Turkish President Recep Tayyip Erdogan vented his outrage Wednesday against "scoundrels" at the French satirical weekly Charlie Hebdo, which mocked him in a front-cover cartoon as tensions flare between Ankara and Paris.
His office vowed to take "legal and diplomatic action" over the caricature of the 66-year-old leader.
The cartoon stoked fury in Turkish political circles and added to a sense of crisis enveloping Turkey's deteriorating relations with France.
Its publication came out just days after Erdogan called for a boycott of French products and questioned President Emmanuel Macron's sanity for promoting a drive against radical Islam.
Macron's accompanying defense of the media's right to mock religion has stirred angry protests across Turkey and swathes of the Muslim world.
Erdogan said he had not personally seen the Charlie Hebdo drawing because he did not want to "give credit to such immoral publications."
"I don't need to say anything to those scoundrels who insult my beloved prophet on such a scale," Erdogan said in a speech to his party's lawmakers.
"I am sad and frustrated not because of this disgusting attack on me personally, but because of the impertinence taking aim at our prophet we love more than ourselves."
'Vicious and ugly'
While officially secular, Turkey is a mostly Muslim country that has taken a more conservative and nationalist course under Erdogan's rule.
His policies have put Turkey at growing odds with Macron, who has become one of Erdogan's most vocal critics in a series of disputes with the EU in the past years.
The two leaders have sparred over Turkey's push into the eastern Mediterranean as well as its policies in Syria and Libya, and more recently over its involvement in the Nagorno-Karabakh conflict.
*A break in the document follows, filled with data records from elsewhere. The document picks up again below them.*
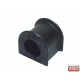 4881560040 T21BJ70F Toyota Land Cruiser тампон предна стабилизираща щанга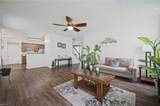 2016 Sunset Maple Ln - Photo 12
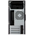  Корпус InWin EFS052 (6184502) Black Mini Tower без БП U3*2+A(HD) + front fan holder + Screwless mATX 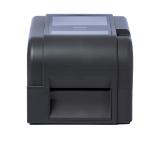 Brother TD-4420TN Thermal Transfer Desktop Label Printer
France's European Affairs Minister said Wednesday that Paris would "push for strong European responses, which include sanctions" over Erdogan's series of "provocations."
Ankara prosecutors, meanwhile, said they were launching an investigation into Charlie Hebdo for "insulting the head of state."
The cartoon was published in the midst of an emotional debate over France's broader policy toward Muslims.
That conversation has been lent urgency by the murder near Paris last week of a teacher who showed his class offensive cartoons of the Prophet Mohammed previously published by Charlie Hebdo.
Images of the prophet are strictly forbidden in Islam.
Macron's defense of the drawings saw tens of thousands march Tuesday through the Bangladesh capital Dhaka, and protesters burned pictures of Macron and French flags in Syria.
Smaller protests returned to Dhaka on Wednesday and also hit the Indian city Mumbai and parts of the Gaza Strip.
"If the statesmen of Europe want peace and stability in their countries, they must honor the dignity of Muslims, respecting their values," protester Ozgur Bursali said at a rally outside the French embassy in Ankara.